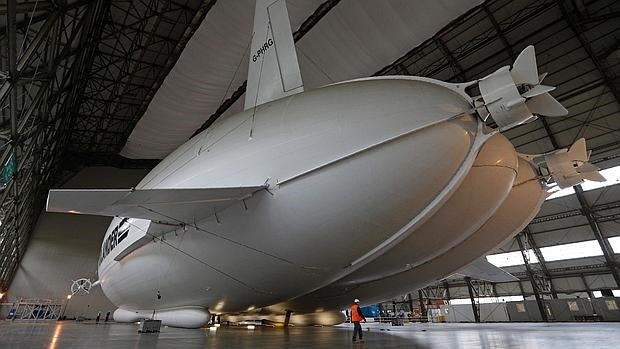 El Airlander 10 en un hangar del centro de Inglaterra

--

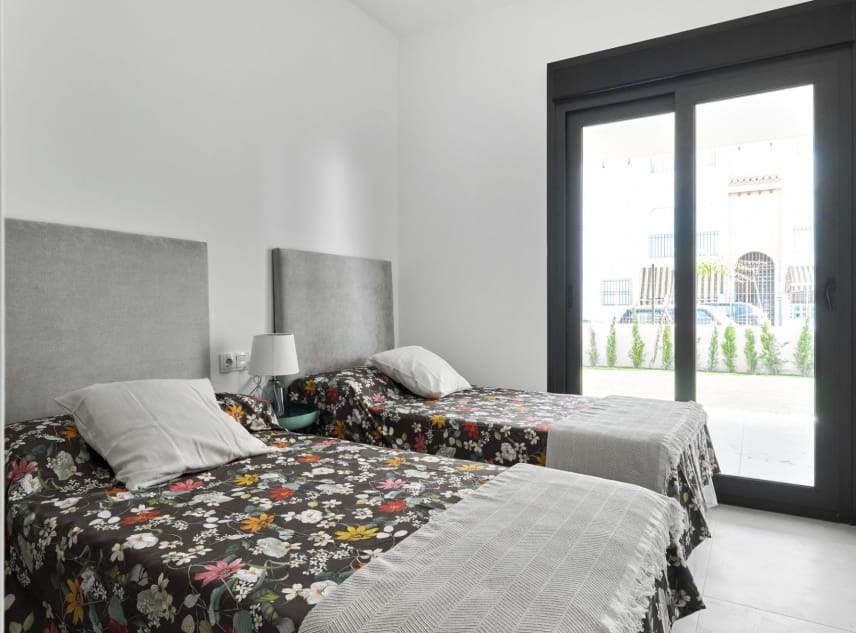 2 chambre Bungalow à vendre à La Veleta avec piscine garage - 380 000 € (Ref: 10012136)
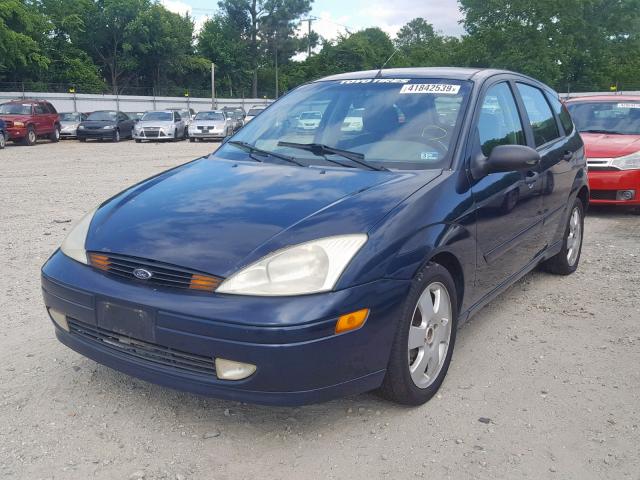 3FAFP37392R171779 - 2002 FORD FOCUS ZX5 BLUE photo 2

## WORK TO COMPLETE
Beginning with the line above that contains "2 chambre Bungalow" and ending with the line that contains "3FAFP37392R171779 - 2002", quote each line exactly, keeping out the pictures.

## FINISHED EXERCISE
 2 chambre Bungalow à vendre à La Veleta avec piscine garage - 380 000 € (Ref: 10012136)
 3FAFP37392R171779 - 2002 FORD FOCUS ZX5 BLUE photo 2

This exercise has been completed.